Finding Where to Contribute

  1. Check Issues: Look for issues labeled good-first-issue or help-wanted
  2. Review TODOs: Search for TODO comments in the codebase
  3. Improve Tests: Areas with low test coverage are good targets
  4. Documentation: Improve code comments and documentation
  5. Performance: Profile and optimize hot paths (with benchmarks)

Common PR Patterns

Small, Focused Changes

Most PRs change only 1-5 files. Examples:

  • Single-line bug fixes
  • Adding a missing trait implementation
  • Updating error messages
  • Adding test cases for edge conditions

Integration Work

When dependencies update (especially revm), code needs updating:

  • Check for breaking API changes
  • Update to use new features (like EIP implementations)
  • Ensure compatibility with new versions

Test Improvements

Tests often need expansion for:

  • New protocol versions (ETH68, ETH69)
  • Edge cases in state transitions
  • Network behavior under specific conditions
  • Concurrent operations

Making Code More Generic

Common refactoring pattern:

  • Replace concrete types with generics
  • Add trait bounds for flexibility
  • Enable reuse across different chain types (Ethereum, Optimism)

When to Comment

Write comments that remain valuable after the PR is merged. Future readers won't have PR context - they only see the current code.

DO: Add Value

Explain WHY and non-obvious behavior:

// Process must handle allocations atomically to prevent race conditions
// between dealloc on drop and concurrent limit checks
unsafe impl GlobalAlloc for LimitedAllocator { ... }

// Binary search requires sorted input. Panics on unsorted slices.
fn find_index(items: &[Item], target: &Item) -> Option

// Timeout set to 5s to match EVM block processing limits
const TRACER_TIMEOUT: Duration = Duration::from_secs(5);

Document constraints and assumptions:

/// Returns heap size estimate.
/// 
/// Note: May undercount shared references (Rc/Arc). For precise
/// accounting, combine with an allocator-based approach.
fn deep_size_of(&self) -> usize

Explain complex logic:

// We reset limits at task start because tokio reuses threads in
// spawn_blocking pool. Without reset, second task inherits first
// task's allocation count and immediately hits limit.
THREAD_ALLOCATED.with(|allocated| allocated.set(0));
DON'T: Describe Changes
// ❌ BAD - Describes the change, not the code
// Changed from Vec to HashMap for O(1) lookups

// ✅ GOOD - Explains the decision
// HashMap provides O(1) symbol lookups during trace replay
// ❌ BAD - PR-specific context
// Fix for issue #234 where memory wasn't freed

// ✅ GOOD - Documents the actual behavior
// Explicitly drop allocations before limit check to ensure
// accurate accounting
// ❌ BAD - States the obvious
// Increment counter
counter += 1;

// ✅ GOOD - Explains non-obvious purpose
// Track allocations across all threads for global limit enforcement
GLOBAL_COUNTER.fetch_add(1, Ordering::SeqCst);

Comment when:

  • Non-obvious behavior or edge cases
  • Performance trade-offs
  • Safety requirements (unsafe blocks must always be documented)
  • Limitations or gotchas
  • Why simpler alternatives don't work

Don't comment when:

  • Code is self-explanatory
  • Just restating the code in English
  • Describing what changed in this PR
The Test: "Will this make sense in 6 months?"
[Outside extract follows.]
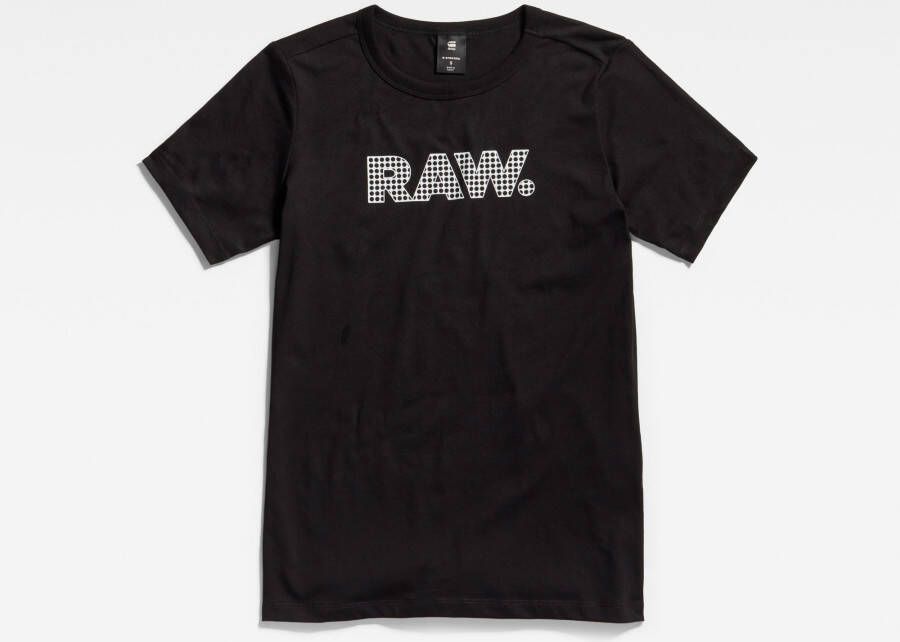 G-Star RAW Anglaise Graphic RAW Top Zwart Dames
Before adding a comment, ask: Would someone reading just the current code (no PR, no history) find this helpful?

Example Contribution Workflow

Let's say you want to fix a bug where external IP resolution fails on startup:

  1. Create a branch:

    git checkout -b fix-external-ip-resolution
    
  2. Find the relevant code:

    # Search for IP resolution code
    rg "external.*ip" --type rust
    
  3. Reason about the problem, when the problem is identified, make the fix:

    // In crates/net/discv4/src/lib.rs
    pub fn resolve_external_ip() -> Option<IpAddr> {
        // Add fallback mechanism
        nat::external_ip()
            .or_else(|| nat::external_ip_from_stun())
            .or_else(|| Some(DEFAULT_IP))
    }
    
  4. Add a test:

    #[test]
    fn test_external_ip_fallback() {
        // Test that resolution has proper fallbacks
    }
    
  5. Run checks:

    cargo +nightly fmt --all
    cargo clippy --all-features
    cargo test -p reth-discv4
    
  6. Commit with clear message:

    git commit -m "fix: add fallback for external IP resolution
    
    Previously, node startup could fail if external IP resolution
    failed. This adds fallback mechanisms to ensure the node can
    always start with a reasonable default."
    

Quick Reference

Essential Commands

# Format code
cargo +nightly fmt --all

# Run lints
RUSTFLAGS="-D warnings" cargo +nightly clippy --workspace --all-features --locked

# Run tests
cargo nextest run --workspace

# Run specific benchmark
cargo bench --bench bench_name

# Build optimized binary
cargo build --release --features "jemalloc asm-keccak"

# Check compilation for all features
cargo check --workspace --all-features

# Check documentation
cargo docs --document-private-items